If your website holds personally identifiable information (e.g. client data via contact forms etc.), then you must establish if this has been accessed. If a notifiable breach has occurred, then under the GDPR you will need to notify the ICO and any other affected parties. A failure to respond correctly and promptly could make a bad situation even worse.

Decided whether you need to take the website offline

 If the severity of the attack warrants it, the report suggests that it might be best to take the website down to minimise any further reputational damage. The guidance from the Law Society also advocates having an ‘under maintenance page’ ready to go. This would mean that, in such situations, you won’t lose valuable time creating one.

Keep the channels of communication open

The report also recommends letting your client-facing team members know about the situation as quickly as possible.
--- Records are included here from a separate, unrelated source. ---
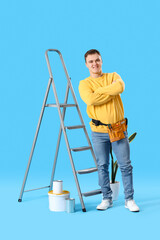 Young man with ladder and cans of paint on blue background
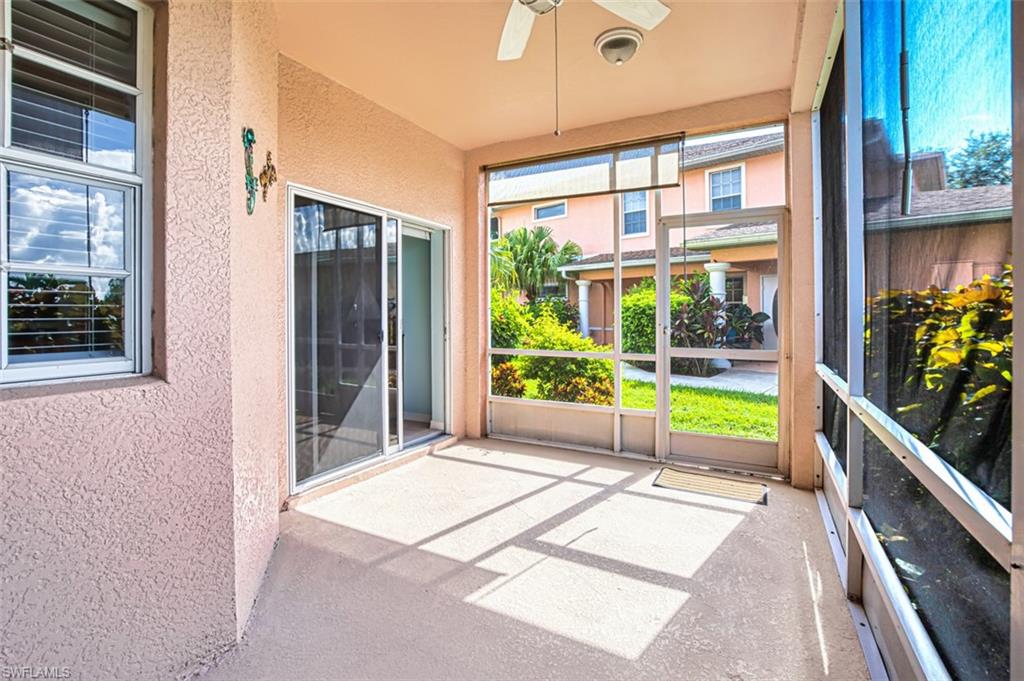 Unfurnished sunroom featuring ceiling fan
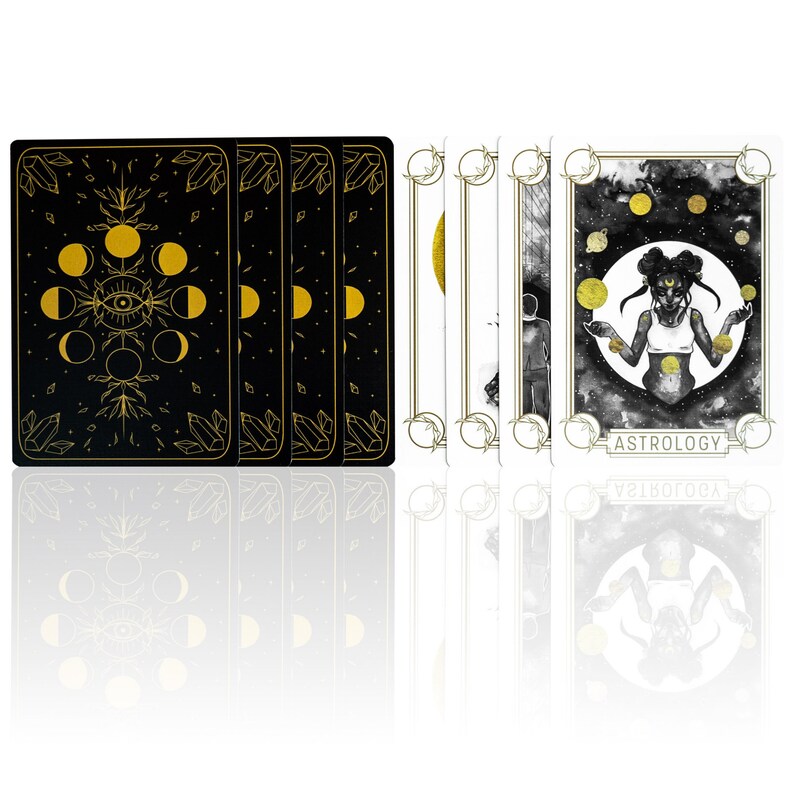 Card backs show the moon phases, an evil eye and crystals in gold over a black background. The oracle card deck front shows a woman of color, black girl juggling planets in her hands. She is a planetary witch and looks like the Black Sailor Moon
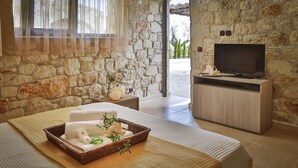 A stone-walled room with a TV, a wicker basket with toiletries, and a view of the outdoors. - Nefeli Luxury Villas (Kassandra)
This will help them to handle any questions from confused clients proactively. It is a good idea to draft a set of Q&As to cover off any queries.

Backup your site

Your website should be backed up regularly as a matter of course. However, if an attack happens and you don’t have a backup plan in place, contact your hosting provider as a matter of urgency. They can take an instant backup and inform you as to when this last happened.  Backing up your website is a vital step if you want to protect your data as much as possible.

Finally, the report also emphasises the importance of a post-hack review once the dust settles. Only by understanding what happened, how it happened, the success of the response, and the impact of the attack can you say that lessons have been learned. And reduce the likelihood of a similar attack happening in future.